While the text of Aradia in this book is the standard translation by Charles Leland, what’s great about this copy of Aradia is the introduction that is provided by Prof. Robert Mathiesen which summarizes the history of the text and its influence on Wicca and modern day witchcraft. What makes this copy of Aradia particularly special is the end of the book, which is full of essays from various witches present and past. It contains the following submissions: “Aradia” by Lori Bruno, “The Importance of Aradia…” by Patricia Della-Piana, “Dark Gifts” by Jimahl di Fiosa, “Aradia: Influences on Modern Witchcraft and Wicca” by Raven Grimassi, “Aradia and the Wiccans” by Michael Howard, “In Search of Aradia” by Paul Huson, “Aradia or The Wisdom of a Fortune-Teller” by Judika Illes, “Aradia… Right On!” by Dr. Leo Louis Martello, “The Heart of the Craft” by Christina Oakley Harrington, “Our Own Gospel” by Christopher Penczak, “Aradia” by Andrew Theitic, “Aradia: A Historical Perspective” by Donald Weiser and “Aradia in Wicca” by Myth Woodling. This version of the book also contains nice little illustration elements which are very much in alignment with the feel of the Witches’ Almanac.

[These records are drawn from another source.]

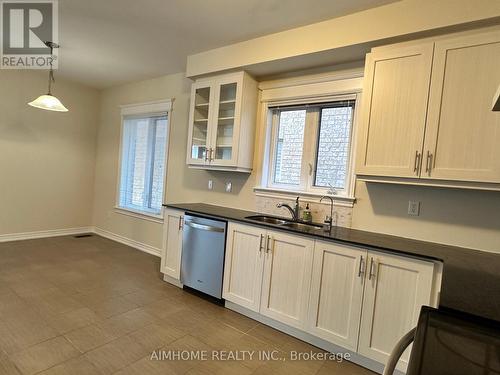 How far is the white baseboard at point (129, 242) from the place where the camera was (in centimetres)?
443

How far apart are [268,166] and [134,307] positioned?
1.97 meters

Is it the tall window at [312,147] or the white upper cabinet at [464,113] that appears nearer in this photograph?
the white upper cabinet at [464,113]

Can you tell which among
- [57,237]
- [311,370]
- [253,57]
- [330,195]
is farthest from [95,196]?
[311,370]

Coming in at 475 pages, this is a definite must-have for anyone interested in Aradia. The book contains a forward by Stewart Farrar and contains the original translation of the text along with a new transation of the text by Mario Passaglini, Ph. D. and Dina Passaglini. Dr. Passaglini, whose family comes from the area of Italy that the Aradia text originated from, gives a line-by-line translation to show where Leland made errors in his original translation, and he also shares his own research notes regarding the new translation. The first part of the book contains chapters which include “Charles G. Leland and the Witches of Italy: The Origin of Aradia” by Prof. Robert Mathiesen, “The Significance of Aradia” by Chas S. Clifton, “Leland and the Magical World of Aradia” by Mario Passaglini. The second part of the book contains the Pazzaglinis’ introduction, research notes, the original translation, the new translation, and a line-by-line retranslation. The third part of the book are more commentary chapters which include “Magical Principles and Practices” by Mario Pazzaglini, “The Firelfy Verses” by Mario Pazzaglini, “Enigmas of Aradia” by Robert E. Chartowich, “La Bella Strega” by Chas S. Clifton and a scan of a letter from Maddalena to Charles Leland.

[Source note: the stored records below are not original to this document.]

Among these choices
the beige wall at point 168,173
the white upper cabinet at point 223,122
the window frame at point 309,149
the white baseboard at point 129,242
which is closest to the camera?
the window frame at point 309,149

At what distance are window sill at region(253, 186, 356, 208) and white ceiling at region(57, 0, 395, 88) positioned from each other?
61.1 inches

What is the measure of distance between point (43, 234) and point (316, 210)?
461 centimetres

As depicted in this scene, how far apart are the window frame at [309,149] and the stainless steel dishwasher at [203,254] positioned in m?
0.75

The Book of the Holy Strega is the research of Italian Hereditary Witch, Raven Grimassi. The book explores the lore he was passed on, his discovery of Aradia or Gospel of the Witches and all the research he’s uncovered about both. The book provides a re-write of the Aradia texts putting the book in a chronological order that makes the Aradia mythos make more sense and also provides a rewrite combining what he was passed on and what his research uncovered to try to give a more comprehensive view of what he believes the Aradia teachings are about. The book contains chapters including “Witchcraft: The Christian Makeover”, “Aradia: The Cultural Background”, “The Walnut Tree & Diana’s Witches”, “The Society of Diana”, “The New Witches’ Gospel”, “Legend of the Holy Strega”, “The Teachings of Aradia”, “Witches Without a Gospel”, and contains appendices on Leland, Maddalena, Martello, and the Book of Ways.
Probably the most approachable book on this list for a practitioner, this was the first book by Devin Hunter and is the first published book for the Sacred Fires Tradition of Witchcraft. In this book there’s a whole section on the main deity that Devin, The Sacred Fires Tradition, and Black Rose Witchcraft works with, which are the deities in the Gospel of Aradia: The Star Goddess, Diana, Dianus (or Lucifer), and Aradia. This section gives a fantastic modern view of these deities as well as invocations, rituals, ways to tune into the frequencies of these deities and connect with them on a personal level, and ways to maintain a relationship with them. The book itself is focused on the main message of Aradia, which is that of personal empowerment through witchcraft.